What you have to do —
Work out how many lines in the records contain the word "Golf", and give that number alone.

%%

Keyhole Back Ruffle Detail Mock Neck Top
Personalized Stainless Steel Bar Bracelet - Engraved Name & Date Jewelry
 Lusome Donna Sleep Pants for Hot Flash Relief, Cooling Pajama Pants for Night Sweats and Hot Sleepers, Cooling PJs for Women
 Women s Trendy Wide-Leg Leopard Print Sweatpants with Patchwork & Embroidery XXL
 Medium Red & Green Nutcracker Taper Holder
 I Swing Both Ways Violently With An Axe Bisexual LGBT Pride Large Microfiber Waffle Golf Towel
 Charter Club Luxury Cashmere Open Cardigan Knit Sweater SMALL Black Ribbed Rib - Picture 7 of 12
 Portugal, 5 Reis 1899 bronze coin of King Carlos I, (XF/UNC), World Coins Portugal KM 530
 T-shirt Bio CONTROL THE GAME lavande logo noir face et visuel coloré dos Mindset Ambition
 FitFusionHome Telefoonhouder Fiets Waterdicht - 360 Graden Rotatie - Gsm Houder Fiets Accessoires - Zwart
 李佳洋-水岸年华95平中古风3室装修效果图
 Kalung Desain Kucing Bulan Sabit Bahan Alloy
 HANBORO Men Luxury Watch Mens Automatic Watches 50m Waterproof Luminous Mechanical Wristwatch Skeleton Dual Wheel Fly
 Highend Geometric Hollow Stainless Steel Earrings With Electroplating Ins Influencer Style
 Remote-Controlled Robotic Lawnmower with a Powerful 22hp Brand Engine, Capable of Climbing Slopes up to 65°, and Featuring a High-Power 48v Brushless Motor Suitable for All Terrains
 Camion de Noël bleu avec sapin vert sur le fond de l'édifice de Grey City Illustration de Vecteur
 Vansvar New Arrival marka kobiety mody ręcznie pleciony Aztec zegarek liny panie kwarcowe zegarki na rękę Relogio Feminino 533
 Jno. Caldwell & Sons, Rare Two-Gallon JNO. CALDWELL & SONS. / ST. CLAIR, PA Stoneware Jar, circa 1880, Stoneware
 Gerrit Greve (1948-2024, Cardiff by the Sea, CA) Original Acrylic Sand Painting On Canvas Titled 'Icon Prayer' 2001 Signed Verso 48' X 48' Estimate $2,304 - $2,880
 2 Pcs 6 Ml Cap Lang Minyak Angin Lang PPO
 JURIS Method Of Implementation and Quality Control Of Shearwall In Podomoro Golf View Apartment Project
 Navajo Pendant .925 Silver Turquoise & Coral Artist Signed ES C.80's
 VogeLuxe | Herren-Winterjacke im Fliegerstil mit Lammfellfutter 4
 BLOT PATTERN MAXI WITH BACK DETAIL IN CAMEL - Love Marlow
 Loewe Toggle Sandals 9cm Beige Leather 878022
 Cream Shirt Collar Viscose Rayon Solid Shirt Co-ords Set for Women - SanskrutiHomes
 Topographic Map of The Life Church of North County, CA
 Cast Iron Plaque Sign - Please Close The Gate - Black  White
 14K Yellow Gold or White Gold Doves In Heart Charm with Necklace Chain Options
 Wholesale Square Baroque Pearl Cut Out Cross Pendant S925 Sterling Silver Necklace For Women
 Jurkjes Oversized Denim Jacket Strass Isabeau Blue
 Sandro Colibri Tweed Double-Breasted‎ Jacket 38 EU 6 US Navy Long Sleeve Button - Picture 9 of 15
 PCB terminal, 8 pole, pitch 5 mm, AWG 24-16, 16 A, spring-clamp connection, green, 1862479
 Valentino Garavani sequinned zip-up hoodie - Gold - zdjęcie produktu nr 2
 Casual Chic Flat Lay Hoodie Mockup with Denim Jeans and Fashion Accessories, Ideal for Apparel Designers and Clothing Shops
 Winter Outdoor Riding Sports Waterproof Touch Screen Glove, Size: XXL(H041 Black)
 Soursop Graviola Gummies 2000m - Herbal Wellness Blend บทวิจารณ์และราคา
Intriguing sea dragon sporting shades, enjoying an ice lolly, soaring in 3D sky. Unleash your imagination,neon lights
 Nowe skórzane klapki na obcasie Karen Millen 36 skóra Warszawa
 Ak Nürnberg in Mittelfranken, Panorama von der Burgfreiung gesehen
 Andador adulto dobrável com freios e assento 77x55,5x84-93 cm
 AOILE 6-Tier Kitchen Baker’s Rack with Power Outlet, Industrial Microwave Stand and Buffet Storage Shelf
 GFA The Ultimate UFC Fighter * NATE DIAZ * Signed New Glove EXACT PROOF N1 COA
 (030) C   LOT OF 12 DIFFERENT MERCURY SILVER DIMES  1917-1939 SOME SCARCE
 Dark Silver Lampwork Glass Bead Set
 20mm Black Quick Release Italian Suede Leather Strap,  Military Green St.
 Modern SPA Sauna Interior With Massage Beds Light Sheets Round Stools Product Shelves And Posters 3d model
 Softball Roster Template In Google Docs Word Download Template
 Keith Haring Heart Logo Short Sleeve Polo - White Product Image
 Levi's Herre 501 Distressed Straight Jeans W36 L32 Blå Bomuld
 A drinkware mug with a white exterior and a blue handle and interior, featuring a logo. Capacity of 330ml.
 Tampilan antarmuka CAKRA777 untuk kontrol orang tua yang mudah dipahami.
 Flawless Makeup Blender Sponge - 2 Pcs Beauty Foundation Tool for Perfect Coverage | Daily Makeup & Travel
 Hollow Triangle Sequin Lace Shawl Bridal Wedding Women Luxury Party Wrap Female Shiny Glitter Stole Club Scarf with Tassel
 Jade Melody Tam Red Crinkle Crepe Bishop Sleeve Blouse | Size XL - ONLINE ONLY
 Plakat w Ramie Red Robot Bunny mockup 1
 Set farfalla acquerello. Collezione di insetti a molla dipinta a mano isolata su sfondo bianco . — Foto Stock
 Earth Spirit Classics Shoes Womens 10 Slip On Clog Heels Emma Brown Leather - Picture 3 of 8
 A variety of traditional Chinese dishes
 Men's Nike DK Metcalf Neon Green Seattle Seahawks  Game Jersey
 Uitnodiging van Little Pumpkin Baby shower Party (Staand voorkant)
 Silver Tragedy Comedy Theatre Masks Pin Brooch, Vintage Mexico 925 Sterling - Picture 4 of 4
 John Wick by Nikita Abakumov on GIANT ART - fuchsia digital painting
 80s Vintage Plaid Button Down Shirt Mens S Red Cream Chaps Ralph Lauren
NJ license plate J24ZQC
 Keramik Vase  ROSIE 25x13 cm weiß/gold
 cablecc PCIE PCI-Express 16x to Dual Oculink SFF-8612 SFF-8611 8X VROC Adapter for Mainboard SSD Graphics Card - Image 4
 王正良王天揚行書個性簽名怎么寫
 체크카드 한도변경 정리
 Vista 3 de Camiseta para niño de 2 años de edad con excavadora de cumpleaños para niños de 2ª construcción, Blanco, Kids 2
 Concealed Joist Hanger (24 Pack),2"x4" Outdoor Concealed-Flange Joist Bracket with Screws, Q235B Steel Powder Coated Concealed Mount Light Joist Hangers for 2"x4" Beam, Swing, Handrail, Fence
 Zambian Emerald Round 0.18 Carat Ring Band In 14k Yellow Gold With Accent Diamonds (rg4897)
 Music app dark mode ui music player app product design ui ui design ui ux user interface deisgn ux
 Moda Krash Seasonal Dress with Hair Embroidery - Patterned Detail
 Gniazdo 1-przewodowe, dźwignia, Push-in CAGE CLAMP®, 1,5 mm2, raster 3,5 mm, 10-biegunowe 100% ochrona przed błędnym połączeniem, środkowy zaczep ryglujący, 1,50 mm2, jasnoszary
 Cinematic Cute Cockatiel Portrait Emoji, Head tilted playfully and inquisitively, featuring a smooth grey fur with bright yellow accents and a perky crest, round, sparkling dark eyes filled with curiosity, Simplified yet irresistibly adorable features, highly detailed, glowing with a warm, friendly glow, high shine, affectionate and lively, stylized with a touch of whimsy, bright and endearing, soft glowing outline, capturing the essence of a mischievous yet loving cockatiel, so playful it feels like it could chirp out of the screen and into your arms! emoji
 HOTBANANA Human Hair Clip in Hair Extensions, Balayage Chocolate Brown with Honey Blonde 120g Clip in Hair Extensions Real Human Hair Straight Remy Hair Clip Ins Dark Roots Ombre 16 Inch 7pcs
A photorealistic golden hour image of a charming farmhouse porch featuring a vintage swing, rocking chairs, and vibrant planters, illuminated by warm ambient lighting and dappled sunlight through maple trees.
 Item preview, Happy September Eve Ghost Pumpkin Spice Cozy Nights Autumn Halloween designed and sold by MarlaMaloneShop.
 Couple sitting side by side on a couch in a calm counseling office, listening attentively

%%

Response to this task —
2